▶ **DATA BELOW**
-------

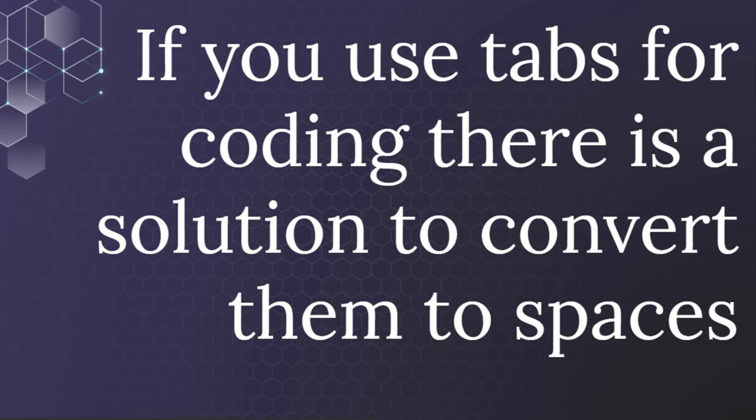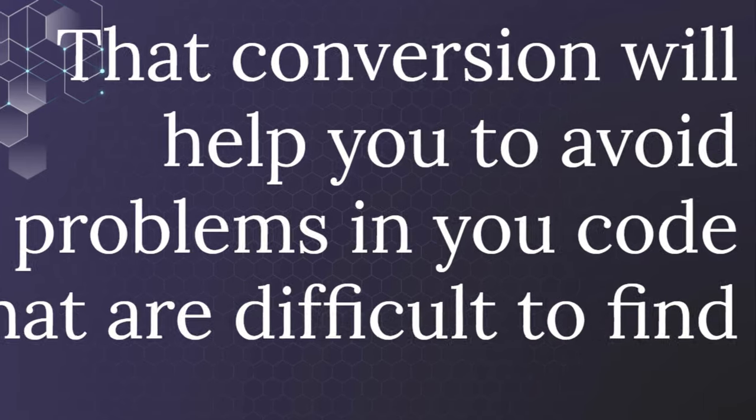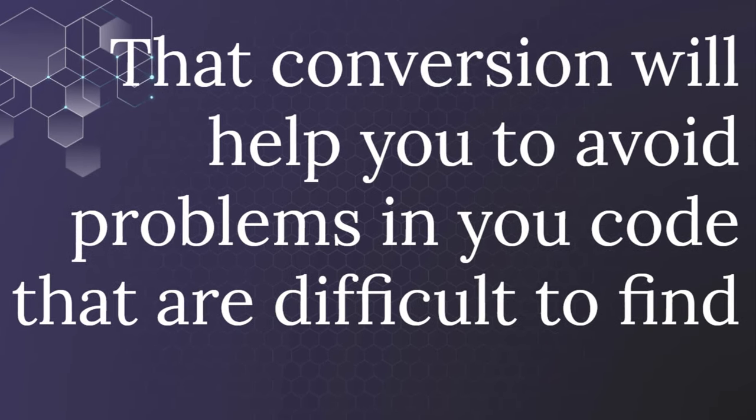If you use tabs for coding, there is a solution to convert them to spaces. That conversion will help you to avoid problems in your code that are difficult to find.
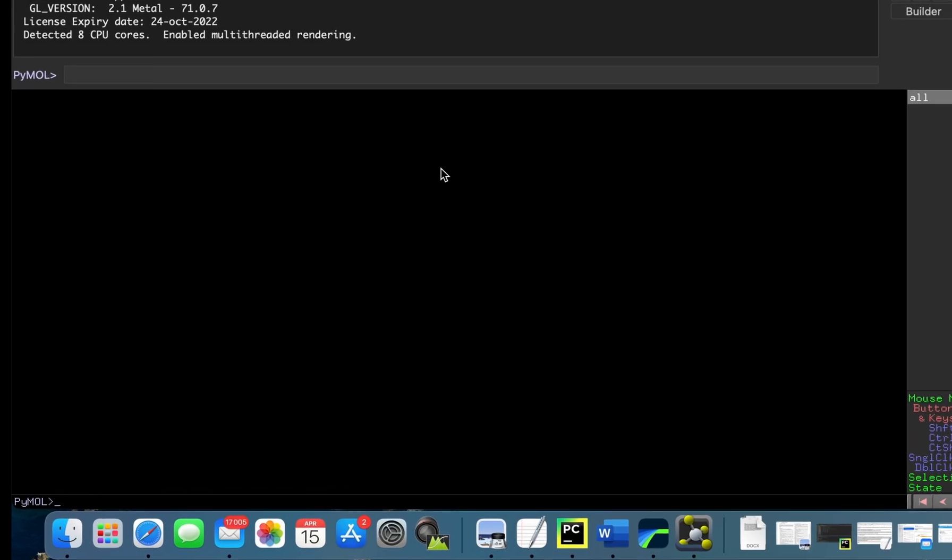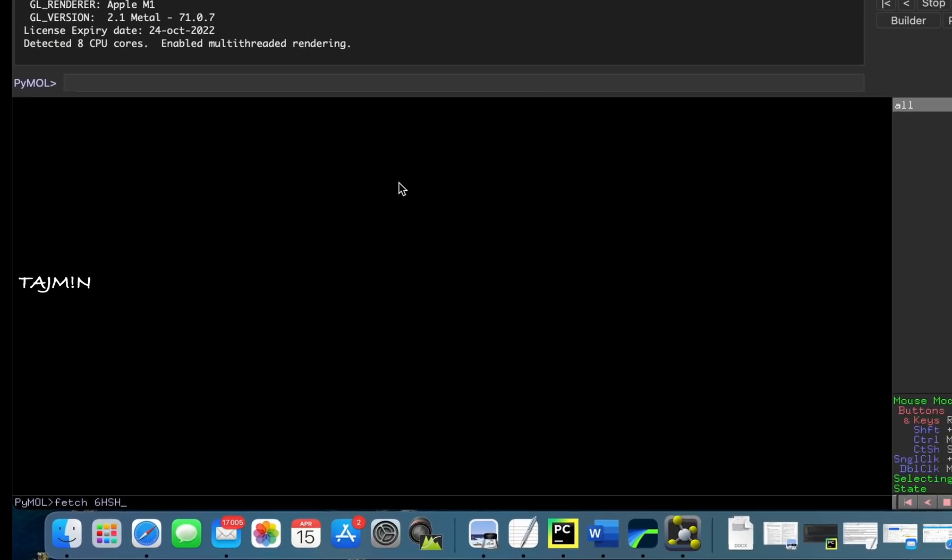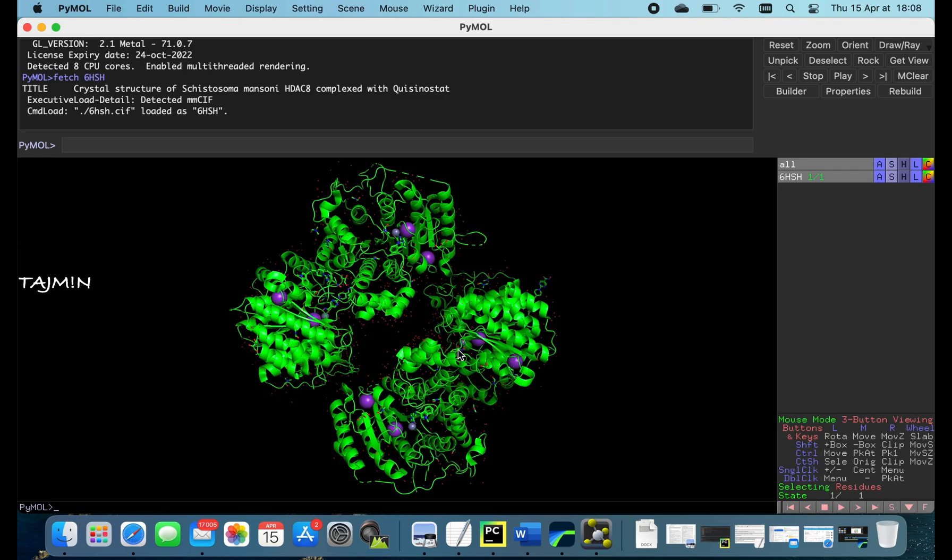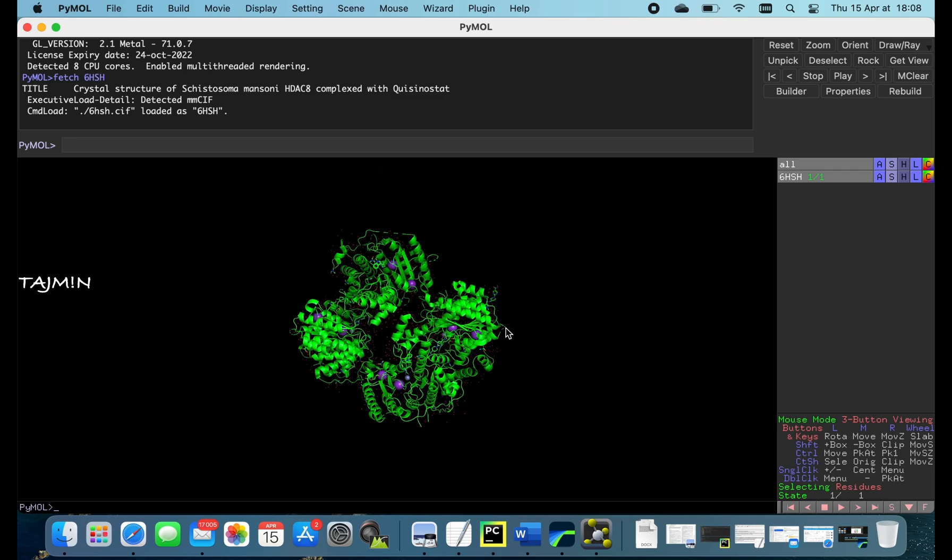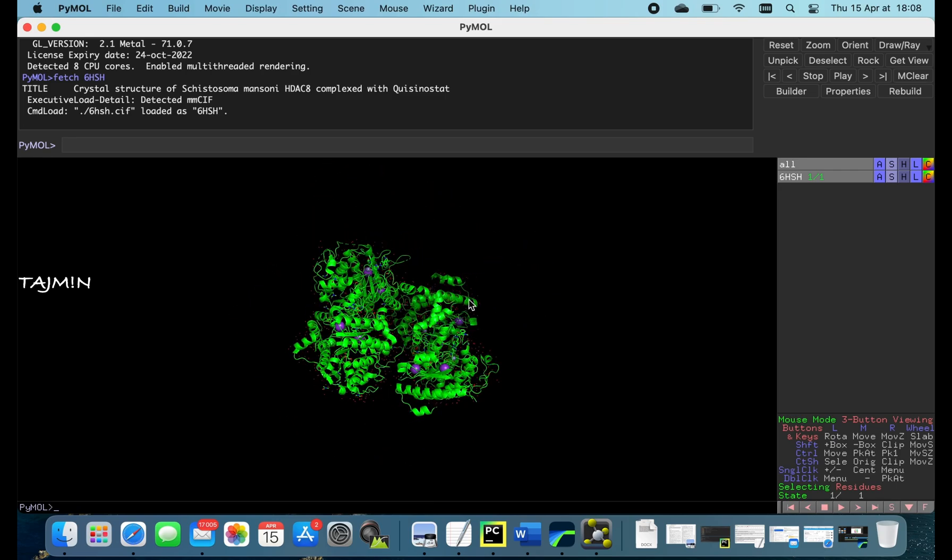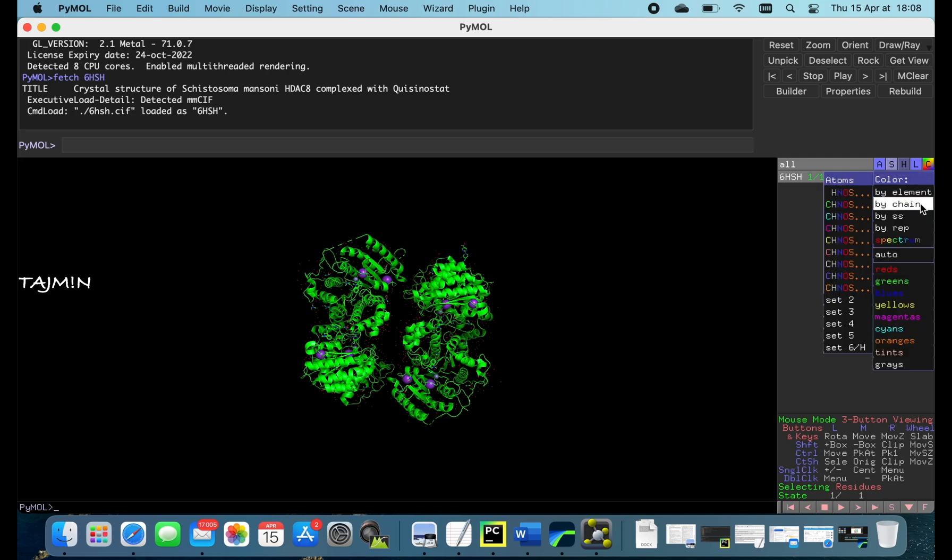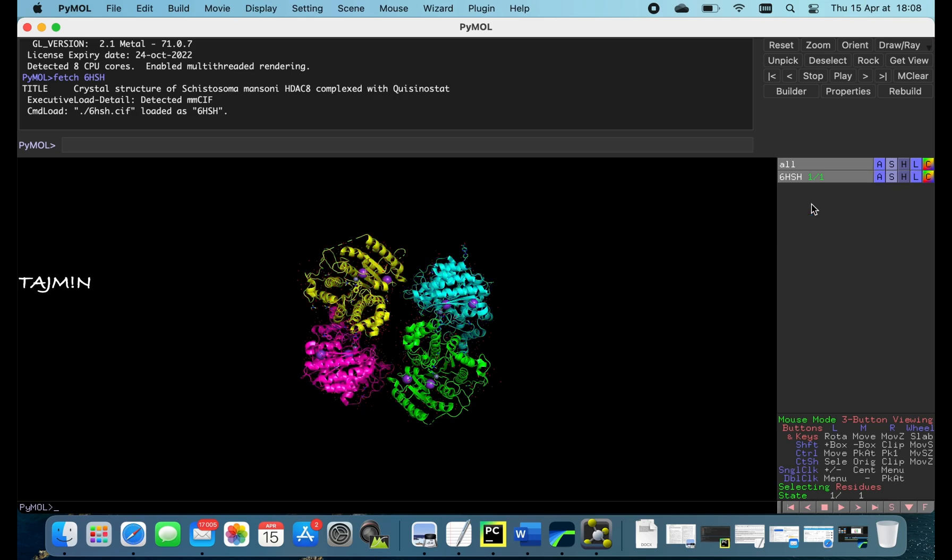First let's start with Pymol. I will open one of my structures 6HSH. This is the structure of HDAC8 with Quisinostat inhibitor which I have solved during my PhD. Let's color by chain. Four HDAC8 monomers are in the asymmetric unit.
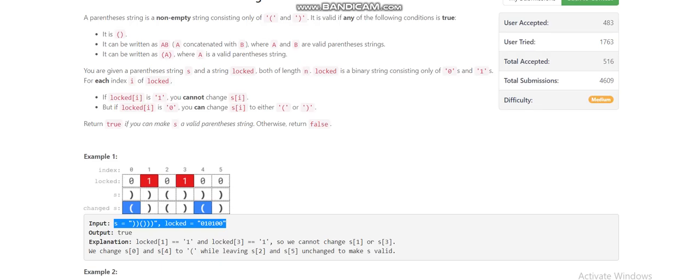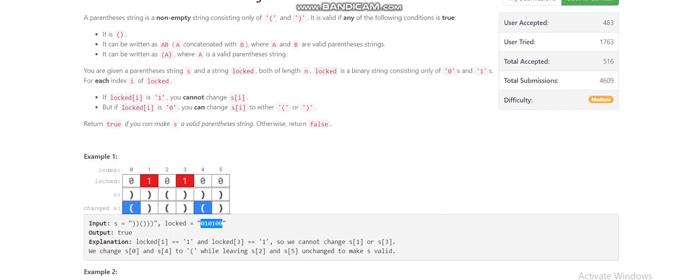Today we are going to discuss the third problem of LeetCode. The problem is: we are given a string which is a parentheses string and another string which is 'locked'. We can change some of the characters of the string if they are not locked, and we have to tell whether we can make it valid parentheses or not. First of all, what is a valid parenthesis?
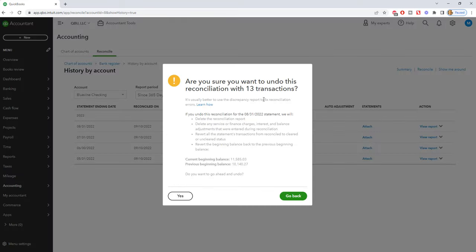It's going to alert you, are you sure you want to undo this reconciliation? Because it's going to basically take the reconciliation report, all that stuff out of there, the beginning balance, etc. It's going to act as if you had never reconciled the account for 8/31, 2022.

-------

▶ **ASSIGNED TASK**
Restate the data above verbatim, skipping every image.

▶ **WRITTEN RESPONSE**
If you use tabs for coding, there is a solution to convert them to spaces. That conversion will help you to avoid problems in your code that are difficult to find.
First let's start with Pymol. I will open one of my structures 6HSH. This is the structure of HDAC8 with Quisinostat inhibitor which I have solved during my PhD. Let's color by chain. Four HDAC8 monomers are in the asymmetric unit.
Today we are going to discuss the third problem of LeetCode. The problem is: we are given a string which is a parentheses string and another string which is 'locked'. We can change some of the characters of the string if they are not locked, and we have to tell whether we can make it valid parentheses or not. First of all, what is a valid parenthesis?
It's going to alert you, are you sure you want to undo this reconciliation? Because it's going to basically take the reconciliation report, all that stuff out of there, the beginning balance, etc. It's going to act as if you had never reconciled the account for 8/31, 2022.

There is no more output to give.